By now, most companies are familiar with the idea that it's much less expensive to retain existing customers than it is to go find new ones. That's what makes churn such an important customer experience metric.
Customer churn simply refers to the percentage of customers that stop paying for or using a product or service. Every company experiences it in some form, and reducing it has become a major priority for two reasons.
The first is that companies are now focused on ways to maximize Customer Lifetime Value (CLV). The reason is simple - retaining customers is inexpensive. For a business to create sustainable growth, it needs to keep acquisition costs low and focus on maximizing the profitability of each customer.
Companies can also take this a step further. One of the main reasons that CX has become such a priority is because a brand's most loyal customers are more likely to help drive new business by sharing their experience with friends, family, and colleagues. Which brings us to the next (and arguably most telling) metric...
NPS measures how likely a customer is to recommend your company to someone else. It's an all-encompassing customer experience metric that accounts for interactions across every stage of the customer journey. Think about it - for you to really advocate for a brand, doesn't your experience with them have to be positive across the board? One well-written marketing email or support experience doesn't create enough enthusiasm for a customer to tell someone else about a company, but every positive interaction builds momentum towards that end goal.

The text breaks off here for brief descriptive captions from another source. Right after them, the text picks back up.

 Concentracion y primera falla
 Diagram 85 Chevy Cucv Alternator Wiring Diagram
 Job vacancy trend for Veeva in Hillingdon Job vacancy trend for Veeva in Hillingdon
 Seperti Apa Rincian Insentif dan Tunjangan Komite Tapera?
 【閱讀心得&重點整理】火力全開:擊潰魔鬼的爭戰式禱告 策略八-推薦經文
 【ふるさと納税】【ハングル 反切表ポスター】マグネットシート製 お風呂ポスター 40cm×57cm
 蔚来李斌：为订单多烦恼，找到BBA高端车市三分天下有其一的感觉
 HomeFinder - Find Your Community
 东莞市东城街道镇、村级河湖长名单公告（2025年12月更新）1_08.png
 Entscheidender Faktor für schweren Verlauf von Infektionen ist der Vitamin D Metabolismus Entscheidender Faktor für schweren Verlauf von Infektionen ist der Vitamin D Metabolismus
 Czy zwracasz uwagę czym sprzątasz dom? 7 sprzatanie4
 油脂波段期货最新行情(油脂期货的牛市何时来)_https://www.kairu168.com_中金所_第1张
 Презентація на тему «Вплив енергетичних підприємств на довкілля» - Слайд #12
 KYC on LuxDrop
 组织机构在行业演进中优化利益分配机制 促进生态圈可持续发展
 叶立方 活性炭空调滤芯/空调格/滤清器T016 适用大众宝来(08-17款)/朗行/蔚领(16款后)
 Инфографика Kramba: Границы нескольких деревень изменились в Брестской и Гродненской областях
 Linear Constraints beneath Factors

Like the first two metrics mentioned in this post, NPS simply asks customers to rate how likely they would be to recommend a brand on a 1-10 scale. To get actionable insight from responses, customers are split into 3 groups:
The goal for any company that's serious about CX is to create as many "Promoters" as possible. Every CX initiative should be focused on strengthening customer relationships by addressing their needs and building trust. Companies that do this effectively maximize the value of each existing customer, and create a low-cost way to acquire new ones in the process.